Maki

ヒットマンズ・レクイエムのMakiのレビュー・感想・評価

ヒットマンズ・レクイエム(2008年製作の映画)
3.5
原題:IN BRUGES
公開:2008年
視聴:U-NEXT(字幕)


⚡ネタバレあります⚡


『イニシェリン島の精霊』が面白かったので、15年前に公開された同じ監督・主演コンビ映画も続けて観た。

舞台はベルギーの古都ブルージュ、霧が立ち込めるおとぎ話のような街に殺し屋コンビがやってくる、表向きは観光で。

新米の殺し屋レイ(演:コリン・ファレル)、まだやんちゃぽさも垣間見えて若い。でも深い後悔と自責に苛まれている。

ベテランの殺し屋ケン(演:ブレンダン・グリーソン)は律儀で文化や歴史に精通している。この凸凹コンビっぷりがおかしくて、その関係性は『イニシェリン島の精霊』にも通ずるところ。

怪しげな女クロエ(演:クレマンス・ポエジー)、見覚えあるわ… ああ『TENET』の序盤に出てくる女性学者だ。

小男俳優ジミー。演じるのはピーター・ディンクレイジに少し似てるか、ジョーダン・プレンティスという別人。

マフィアのボス=ハリーは、独自ルール=血の掟を何が何でも守り抜くのでお馴染みレイフ・ファインズ。

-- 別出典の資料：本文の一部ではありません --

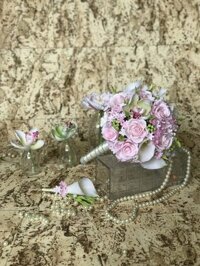 Hoa cưới đất sét-  Bó hoa Hồng – Địa lan tông tím hồng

殺し屋にたじろがないホテルの女主人ナタリー(演:エリザベス・ベリントン)も印象的。

終盤、鐘楼でのケンの決断と実行に鳥肌がたつ。残り少ない命を悟ったとはいえ、そこまでする!

ブルージュの聖誕祭広場で、ボスがレイを追い詰める。貫通しづらいダムダム弾を数発胴体に撃ち込むがなぜか一発貫通(逸れてか?)して小男ジミーに当たってしまうのが皮肉。ここでやっぱりボスが独自ルールを守り抜くのが伏線回収。

仮装の集いのなか運ばれてゆく瀕死のレイは、ヒエロニムス・ボスの絵画「最後の審判」に迷い込んだようだった。